Because of all of this, 2021 will be a year when the region’s governments fight to recoup their losses. And what better way to fill the depleted treasuries than through more taxation, which has been increasing across the region in recent years anyway? In Cambodia, tax collection rose by almost a third between 2018 and 2019 (excluding customs and excise) and increased by 9.6 percent in the first seven months of this year, compared with the same period in 2019.

I’ve argued in the past that the growing need for taxation could be seized on by the region’s democrats to demand political reform. (“No taxation without representation,” as the old revolutionary cry went.) Or, at least, it could lead more ordinary people to take a greater interest into how their hard-earned money is being spent by their governments (oftentimes corruptly and wastefully), which might increase demands for accountability and transparency.

Taxation now also provides an opportunity for environmentalists. When Southeast Asian governments come to demand even greater sums in taxation, a call should go up that this money must be spent sustainably and on green projects: “No taxation without climate action.” Greater attention needs to be paid to how state finances are going to fund economic recovery: what investments are being made, and do they exacerbate climate change?

Business leaders, who have more influence over the region’s autocrats than electorates, must also demands that their corporate taxes are being spent wisely. After all, companies as well as ordinary people stand to be impacted by flooding and climate change. Nithin Coca, writing in Nikkei Asia this month, noted that by 2050, 75 percent of global capital stock at risk from flooding will be in Asia. “Unchecked, climate change could shave 11 percent off [Southeast Asia’s] GDP by the end of the century,” the IMF has warned. “In the absence of technical breakthroughs, rice yields in Indonesia, the Philippines, Thailand, and Vietnam could drop by as much as 50 percent by 2100 from 1990 levels,” it indicated.

Yes, economies need to recover, but in sustainable ways.

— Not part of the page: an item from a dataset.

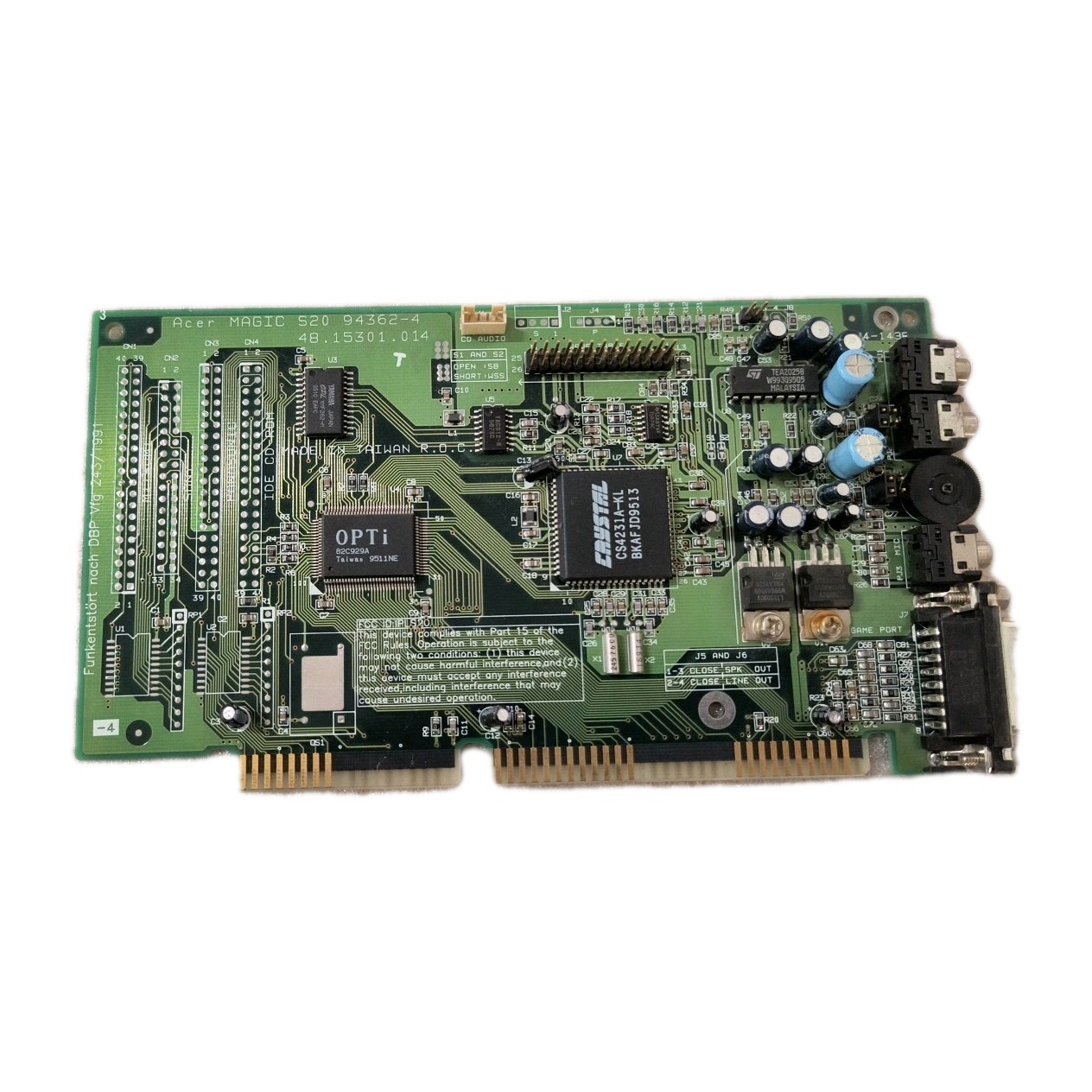 RARE VINTAGE ACER MAGIC S20 94362-4 ISA SOUND CD 48.15301.014 NO BACK PLATE MXB8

Indeed, it cannot be comforting to know that your hard-earned tax money is being spent on industries and projects that will make environmental disasters more common and more deadly. Wouldn’t you recoil at the thought of your taxes being spent on projects that increased the odds of another coronavirus-like pandemic? Well, they are going on projects that increase the odds of more fatal floods and droughts.